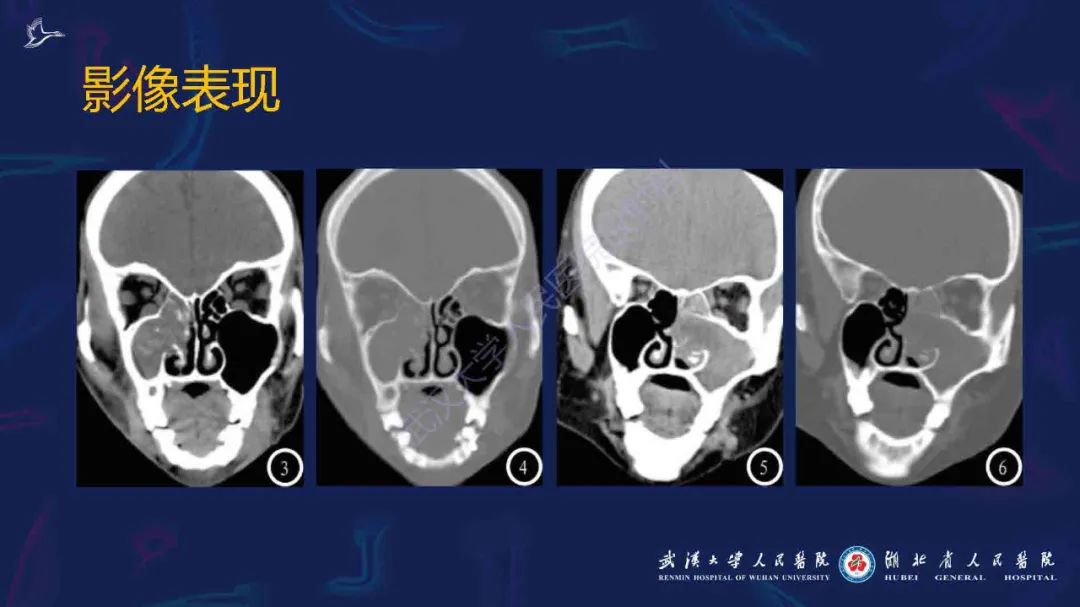 影像PPT - 【PPT】出血坏死性鼻息肉影像诊断-11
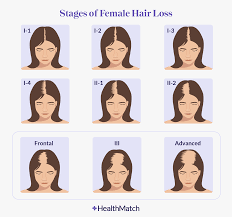 of women experience hair loss during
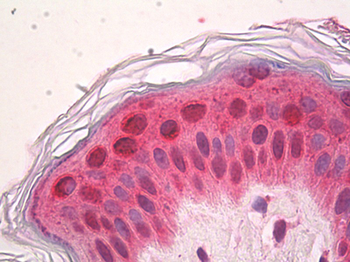 SETD7/SET7 Antibody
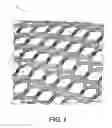 Fig. 02 - ARTICLE OF FOOTWEAR WITH BRAIDED UPPER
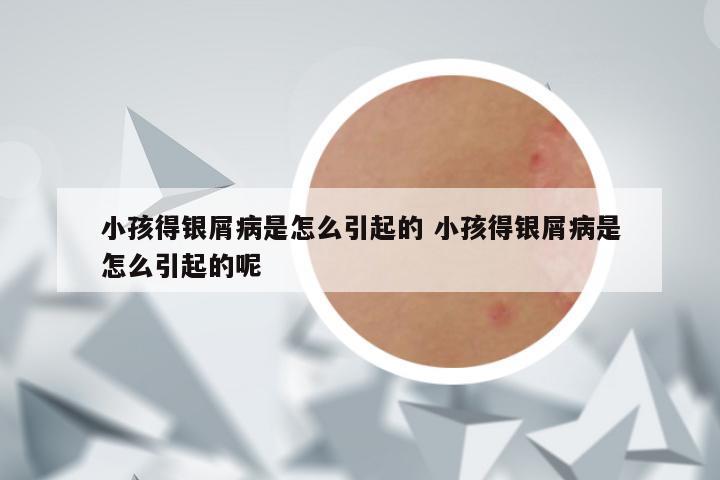小孩得银屑病是怎么引起的 小孩得银屑病是怎么引起的呢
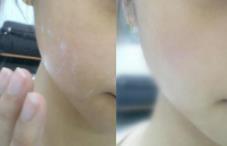 去角质凝露哪些人不能用?痘痘肌别用 去角质凝露哪些人不能用?痘痘肌别用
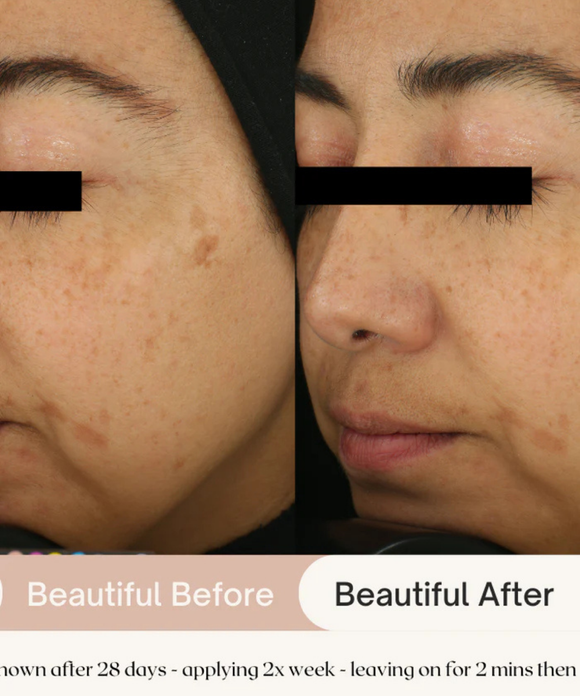 7.6% AHA Leave On Exfoliant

++++++++++++++++++++

Leave the pictures out and return the rest of the material exactly.

### [Problem solution]
 影像PPT - 【PPT】出血坏死性鼻息肉影像诊断-11
 of women experience hair loss during
 SETD7/SET7 Antibody
 Fig. 02 - ARTICLE OF FOOTWEAR WITH BRAIDED UPPER
小孩得银屑病是怎么引起的 小孩得银屑病是怎么引起的呢
 去角质凝露哪些人不能用?痘痘肌别用 去角质凝露哪些人不能用?痘痘肌别用
 7.6% AHA Leave On Exfoliant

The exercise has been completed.